Once you have located the line containing "Westinghouse Senior Cabinet" in the material below, return it exactly along with each line after it through the line containing "Kırmızı Kış Kitabım; Mevsimlerin Renkleri".

RECORDS TO USE =>
- Opening Delimiter -

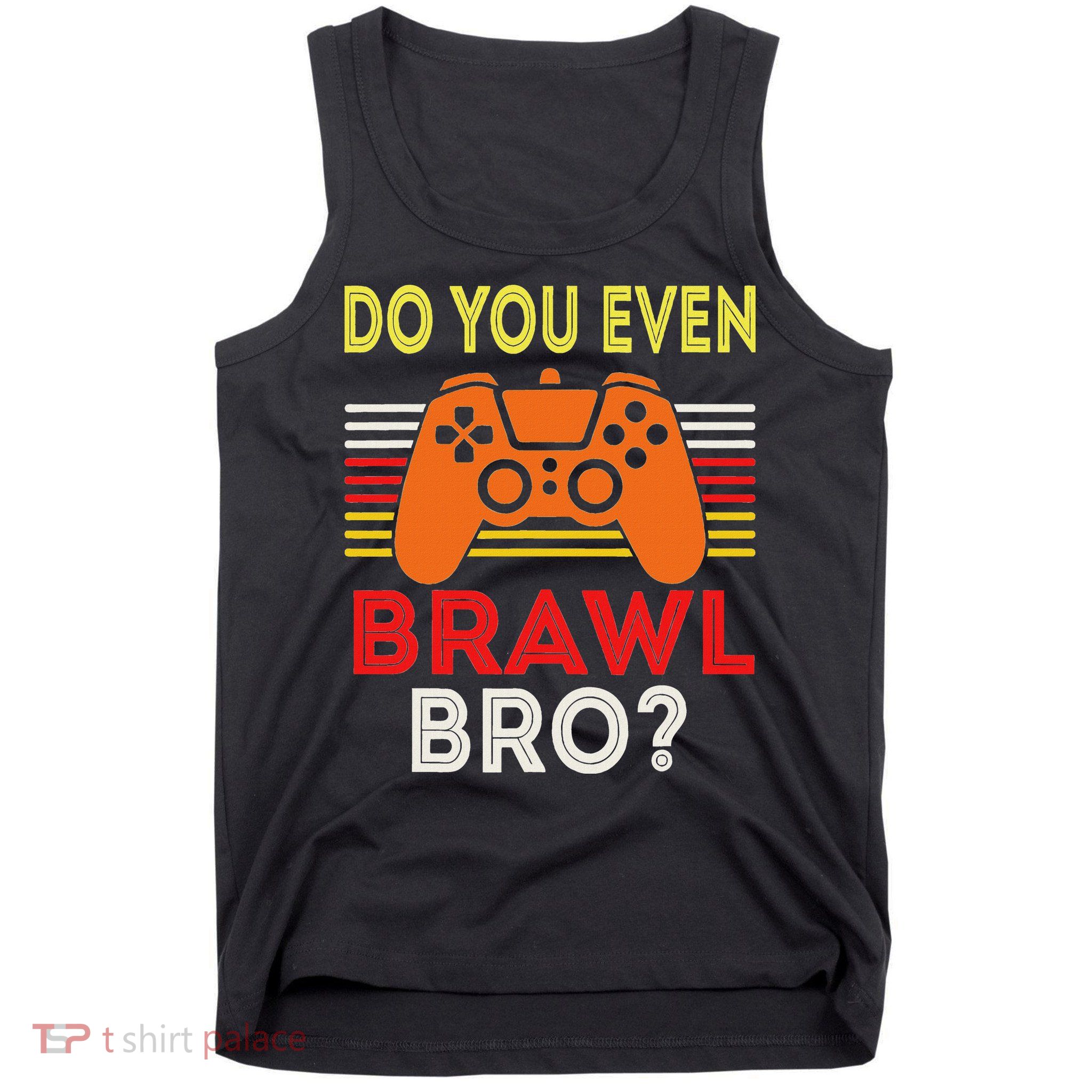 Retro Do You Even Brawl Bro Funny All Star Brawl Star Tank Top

- Closing Delimiter -
- Opening Delimiter -

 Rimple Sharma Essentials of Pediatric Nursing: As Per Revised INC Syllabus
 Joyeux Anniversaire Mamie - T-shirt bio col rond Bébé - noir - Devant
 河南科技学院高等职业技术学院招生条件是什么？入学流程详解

- Closing Delimiter -
- Opening Delimiter -

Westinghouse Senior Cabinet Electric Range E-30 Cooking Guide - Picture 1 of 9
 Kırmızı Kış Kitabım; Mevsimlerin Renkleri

- Closing Delimiter -

RESULT FOR THIS TASK =>
Westinghouse Senior Cabinet Electric Range E-30 Cooking Guide - Picture 1 of 9
 Kırmızı Kış Kitabım; Mevsimlerin Renkleri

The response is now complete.